ふと眼下の駐車場に目をやると軽トラックがちょうど入って来たところでした。「誰だろう?」と思って石段を下って行くと、以前「藤井家の荘厳」の記事で登場して頂いた責任総代の藤井 昭(あきら)さんでした。荷台には自走式の草刈り機があります。寺の休耕田の草を刈りに来て下さったのです。ありがたい事です。実にありがたい事なのですが、私の心はとってもブルーなままでした。

「昭さん、今日僕に電話されました?」「うん、昼から何度かしたけど住職出んからどうしたんやろかと思っとった」「ちゃんと電話かかりました?」「ああ、ずいぶん呼んだけど住職出んかった」「実は携帯を山の中に落としちゃって行方不明なんです。お昼前に一度使ったきりでさっき気づいたんです。昭さん今日は携帯持っておられます?」「あー持ってるよ」昭さんの携帯でさっそく自分の携帯にかけてみました。するとしっかりコールしています。よかった、まだ電話は壊れていません。電波が入る状態でどこかに落ちている様です。これなら呼び出し音を頼りに発見出来る可能性が出てきました。まさに希望の光がさして来た瞬間でした。「携帯ちょっと借りますね。探しに行ってきます」. 私は昭さんの携帯を握りしめて林道を再び登りました。どこで落としたのか解らないのですから見落さないように慎重に進みました。ずっと鳴りっぱなしにするとバッテリーの消耗が心配なので5~6回のコールで確認しながら少しずつ移動です。

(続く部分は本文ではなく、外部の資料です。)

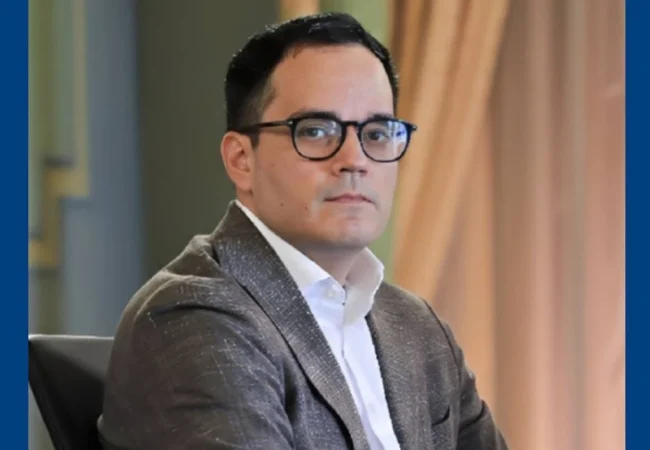 Designan a Calixto Ortega Sánchez como nuevo presidente del Banco de Venezuela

そのやり方で結局到達したばかりの五十二番の所まで登ったのですがダメでした。電話をかけると確かに呼び出しているのですからどこかに有るはずです。すぐそばでないと聞こえないのかもしれません。バッテリーが切れないうちに発見しないとアウトです。さすがに焦りを感じて来ました。なんだかとても追い詰められた心境ですが、まだ日没には時間があったので落ち着いて可能な限り丁寧な捜索を続けるしかありません。

キズだらけの私の携帯.jpg

待望の呼び出し音に気づいたのは少々弱気になりかけた頃でした。そこは頂上から50㍍位引き返したところでした。聞き覚えのある音がかすかに聞こえるではないですか。耳を澄まして必死で音の出どころを探ると、どうやら林道の谷側に機械で広げた竹や雑木などが混じった土砂の下からです。「土の中で電波が届くんやろか?」と不思議に思いましたが、発信源を慎重に絞り込んで行くとやはり間違いありません。それで狙いをつけた場所をスコップで掘り返すと、なんと見事に出て来ました。愛用の携帯はキズだらけにはなりましたが、アウトドア向けの防水携帯ですから水洗いで見事に生還です。あーよかった。

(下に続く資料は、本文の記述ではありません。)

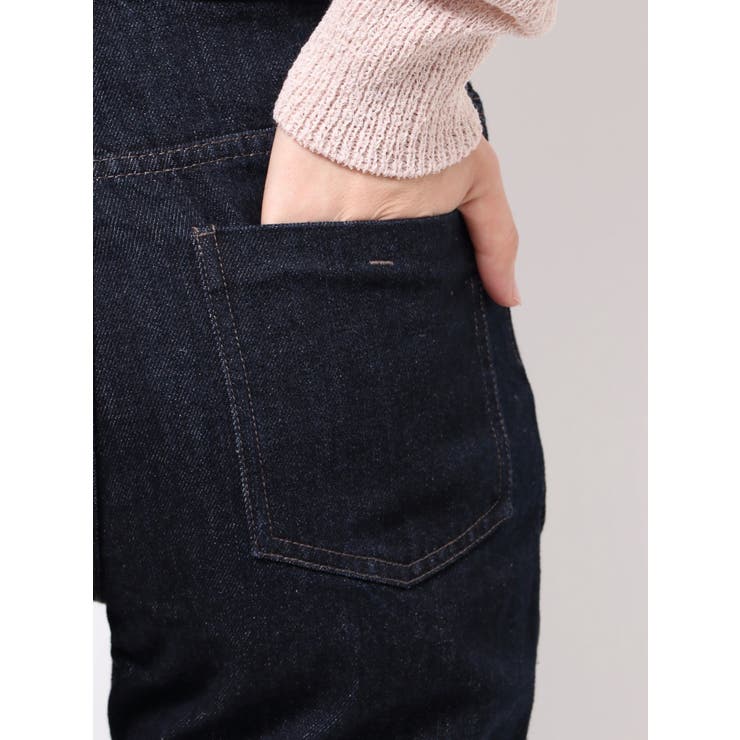 デニムシューカットパンツ | MERCURYDUO | 詳細画像36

それにしても昭さんの訪問は絶妙のタイミングでした。ご本人は「携帯を忘れて出かけることが多くてね」ってよく言われてましたが、昨日はしっかり持参でした。おかげで私は行方不明の携帯を発見することが出来た。おまけに自走式の草刈り機で広い休耕田の草を黙々と刈って下さったのですから、ありがたくって後光がさしてました。前回の記事(「藤井家の荘厳」)では奥さんが菩薩さんだったけど、今回は間違いなく昭さんが菩薩さんに見えましたねー。あーありがたや。ありがたや。南無あきら菩薩様。